[Exercise description]: Would you copy the records below, exactly and only from their first line through the line containing "Signature Design by", without any pictures?

Scraped caption text data:
>>>

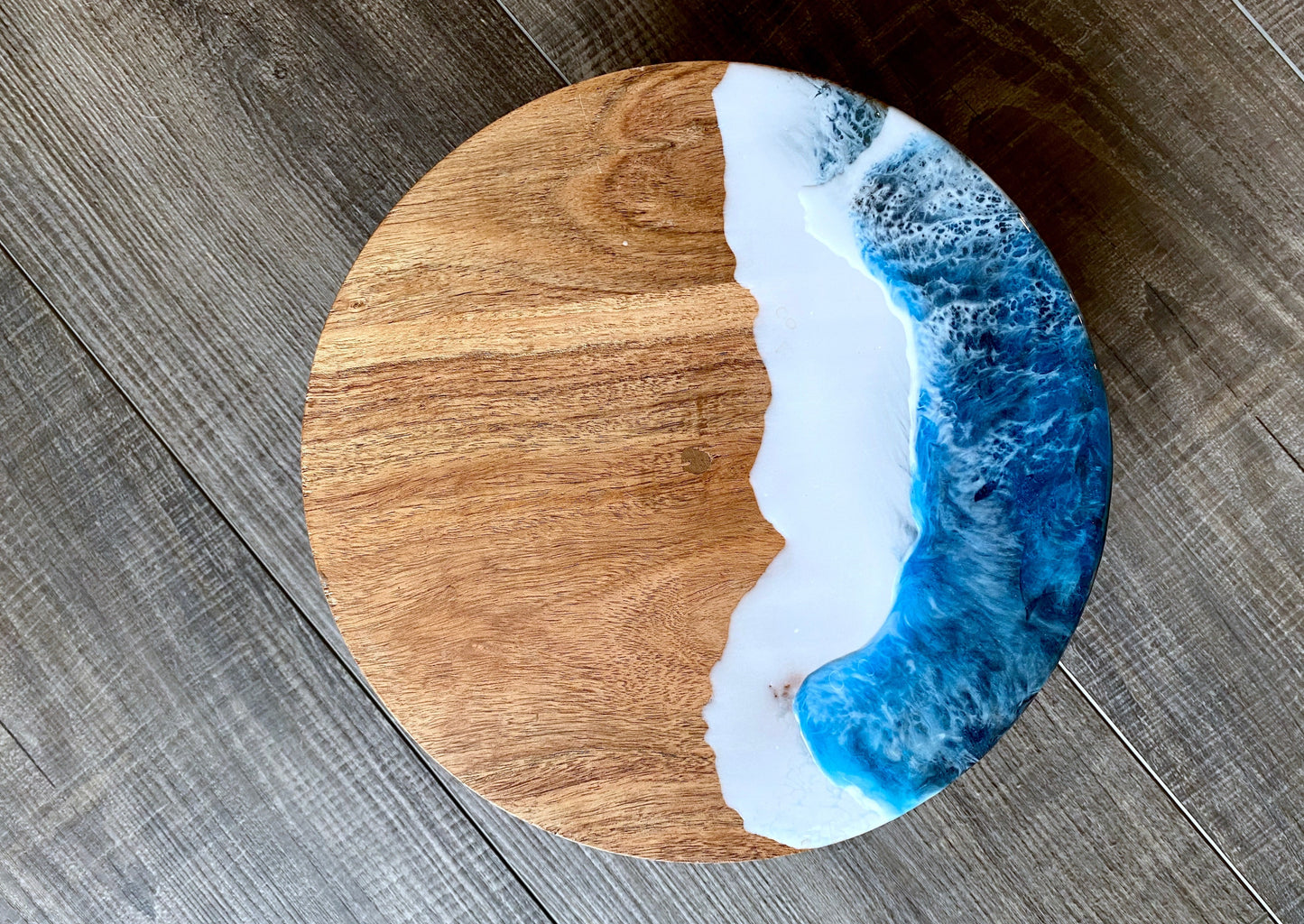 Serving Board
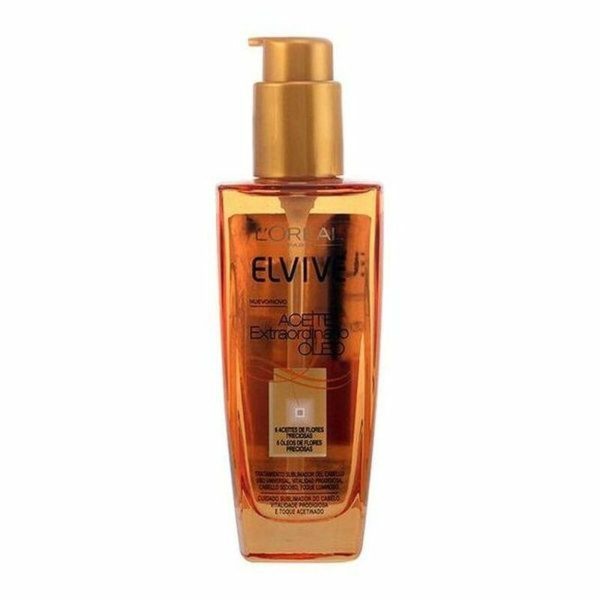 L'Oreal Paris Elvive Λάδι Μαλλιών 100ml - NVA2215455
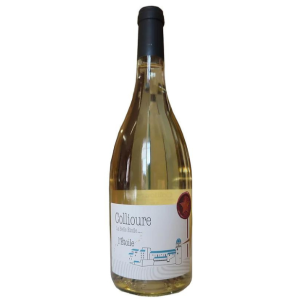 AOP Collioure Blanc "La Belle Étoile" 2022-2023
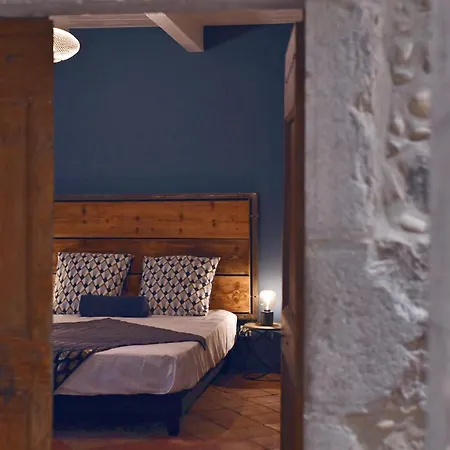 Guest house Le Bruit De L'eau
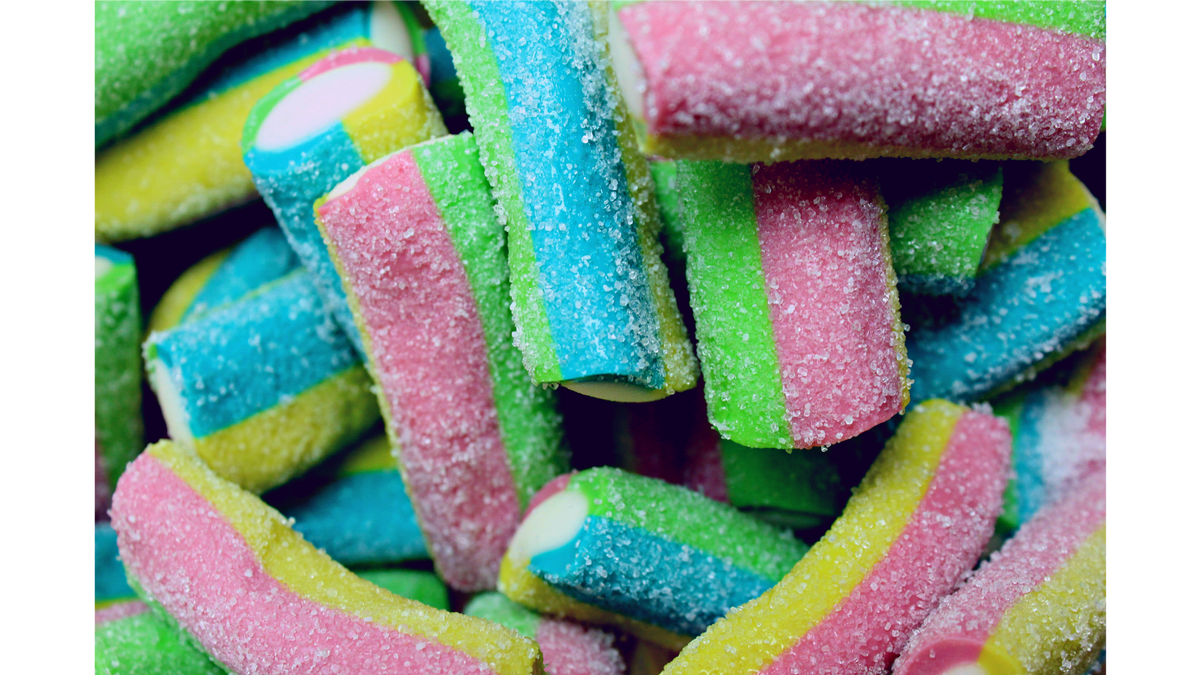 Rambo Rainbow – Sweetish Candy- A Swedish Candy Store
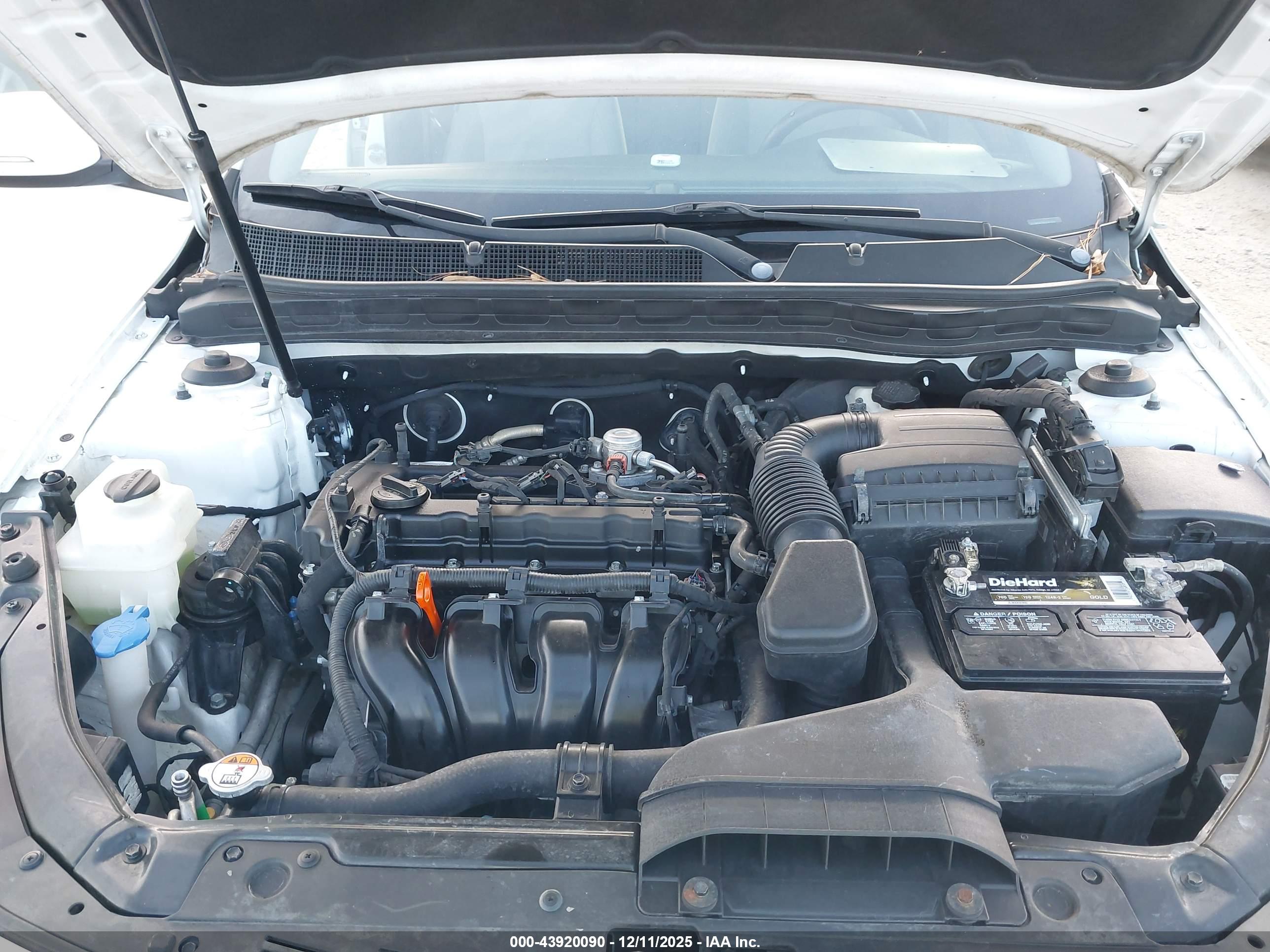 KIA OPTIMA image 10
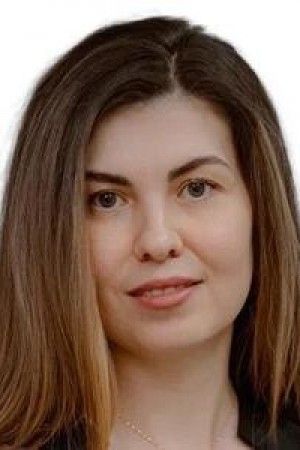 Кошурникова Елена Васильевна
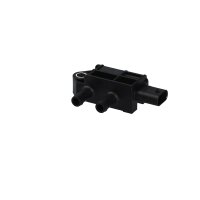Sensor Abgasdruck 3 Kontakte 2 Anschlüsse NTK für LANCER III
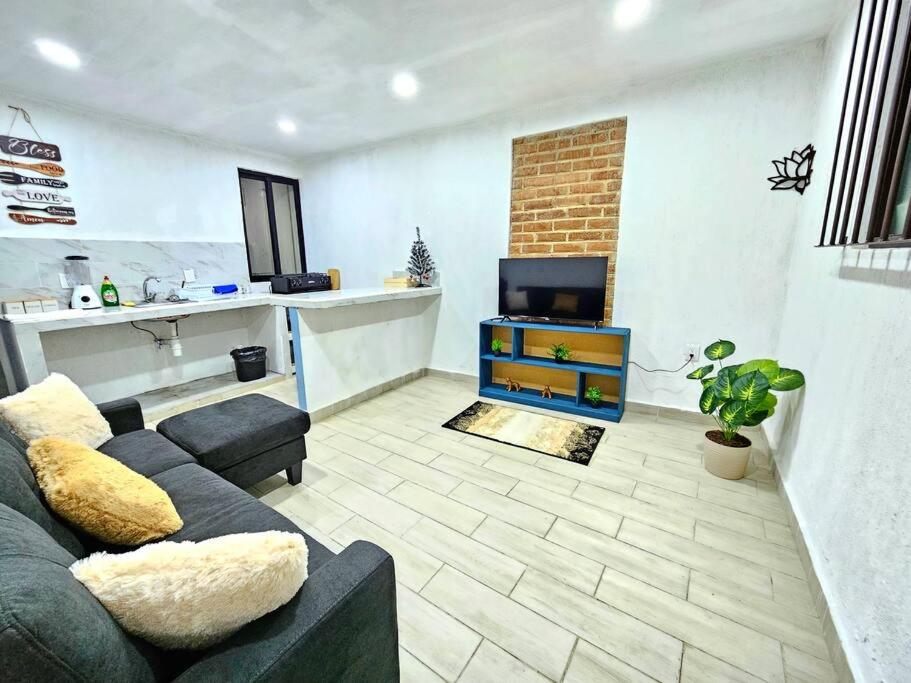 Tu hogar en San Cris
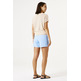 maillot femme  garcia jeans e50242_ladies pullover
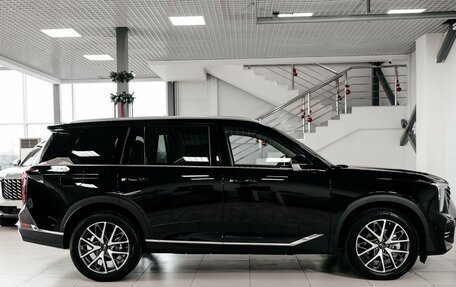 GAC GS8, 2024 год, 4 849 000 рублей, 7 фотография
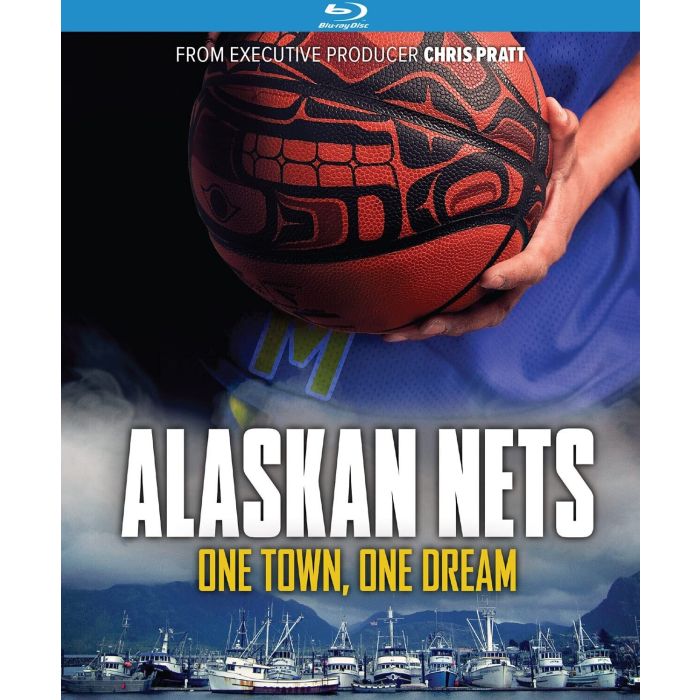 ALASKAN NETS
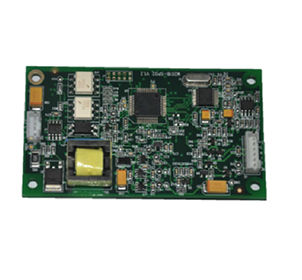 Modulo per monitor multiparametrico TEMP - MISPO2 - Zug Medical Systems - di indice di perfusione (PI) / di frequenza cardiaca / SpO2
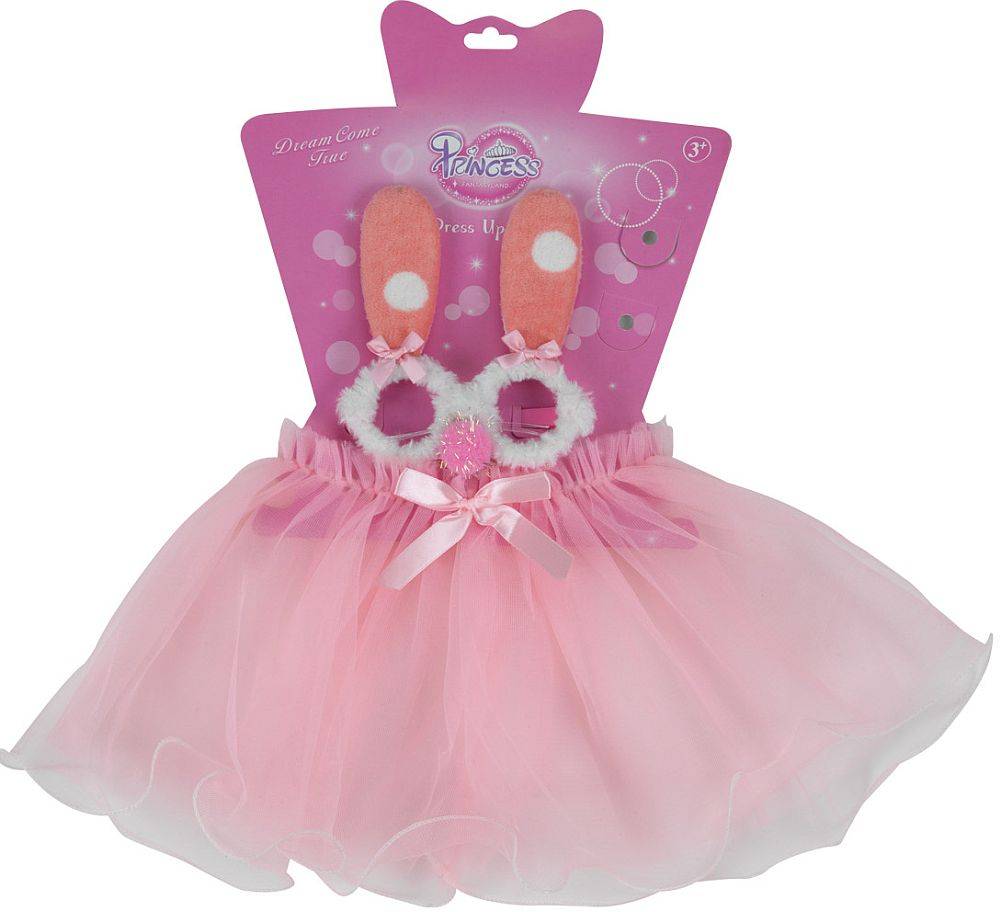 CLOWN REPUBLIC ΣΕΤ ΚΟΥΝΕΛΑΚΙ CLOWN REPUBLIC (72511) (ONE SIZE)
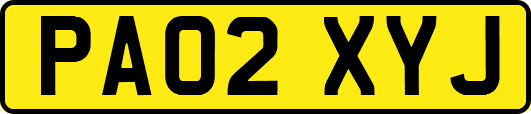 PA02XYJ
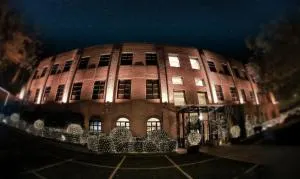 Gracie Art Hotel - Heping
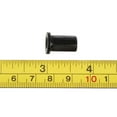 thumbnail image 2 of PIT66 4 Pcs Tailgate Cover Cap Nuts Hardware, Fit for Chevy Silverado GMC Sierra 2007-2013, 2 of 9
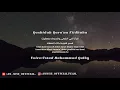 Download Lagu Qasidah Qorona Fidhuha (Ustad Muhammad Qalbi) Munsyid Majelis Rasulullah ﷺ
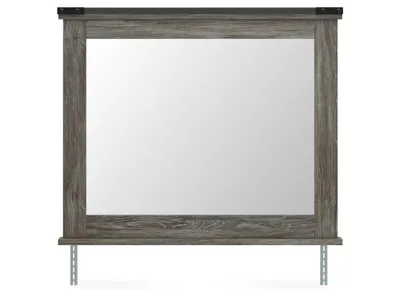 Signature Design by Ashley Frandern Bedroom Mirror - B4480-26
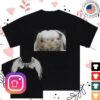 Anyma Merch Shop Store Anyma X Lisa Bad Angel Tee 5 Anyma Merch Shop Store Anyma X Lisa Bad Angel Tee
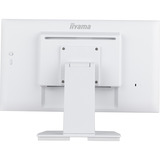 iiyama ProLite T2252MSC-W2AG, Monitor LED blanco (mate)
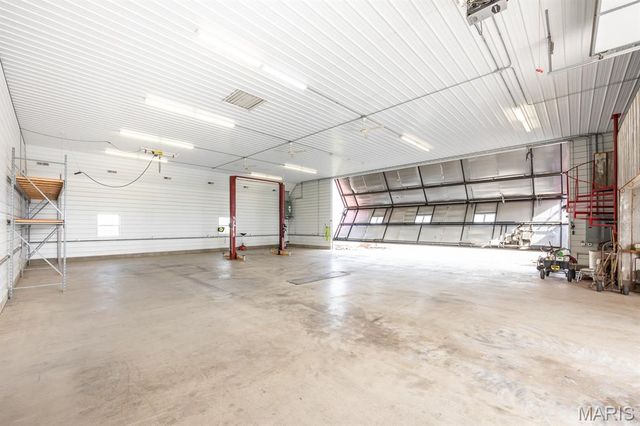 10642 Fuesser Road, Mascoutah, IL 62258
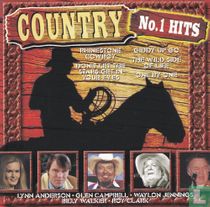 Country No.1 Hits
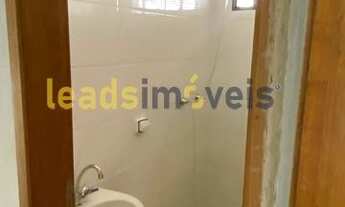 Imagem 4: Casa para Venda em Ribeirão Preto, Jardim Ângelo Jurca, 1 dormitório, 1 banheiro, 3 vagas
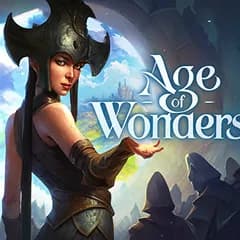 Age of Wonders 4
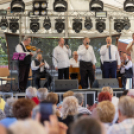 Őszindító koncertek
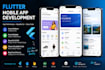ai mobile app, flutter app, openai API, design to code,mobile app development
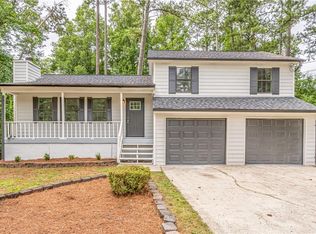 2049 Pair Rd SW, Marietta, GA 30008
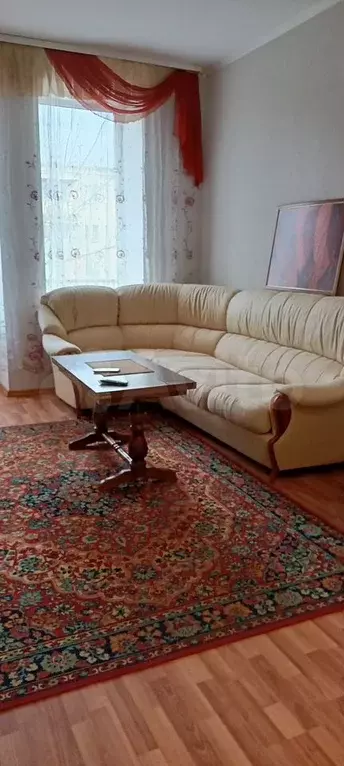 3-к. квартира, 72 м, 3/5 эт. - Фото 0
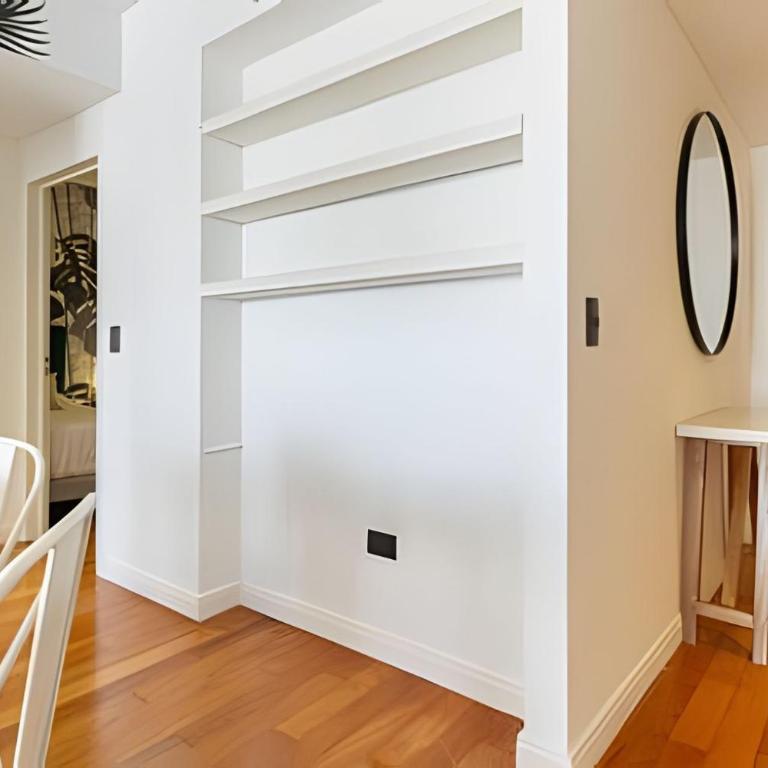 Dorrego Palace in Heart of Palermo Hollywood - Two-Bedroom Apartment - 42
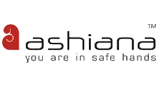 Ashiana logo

<<<

[Task response]:
 Serving Board
 L'Oreal Paris Elvive Λάδι Μαλλιών 100ml - NVA2215455
 AOP Collioure Blanc "La Belle Étoile" 2022-2023
 Guest house Le Bruit De L'eau
 Rambo Rainbow – Sweetish Candy- A Swedish Candy Store
 KIA OPTIMA image 10
 Кошурникова Елена Васильевна
Sensor Abgasdruck 3 Kontakte 2 Anschlüsse NTK für LANCER III
 Tu hogar en San Cris
 maillot femme  garcia jeans e50242_ladies pullover
 GAC GS8, 2024 год, 4 849 000 рублей, 7 фотография
 ALASKAN NETS
 Modulo per monitor multiparametrico TEMP - MISPO2 - Zug Medical Systems - di indice di perfusione (PI) / di frequenza cardiaca / SpO2
 CLOWN REPUBLIC ΣΕΤ ΚΟΥΝΕΛΑΚΙ CLOWN REPUBLIC (72511) (ONE SIZE)
 PA02XYJ
 Gracie Art Hotel - Heping
 thumbnail image 2 of PIT66 4 Pcs Tailgate Cover Cap Nuts Hardware, Fit for Chevy Silverado GMC Sierra 2007-2013, 2 of 9
 Download Lagu Qasidah Qorona Fidhuha (Ustad Muhammad Qalbi) Munsyid Majelis Rasulullah ﷺ
 Signature Design by Ashley Frandern Bedroom Mirror - B4480-26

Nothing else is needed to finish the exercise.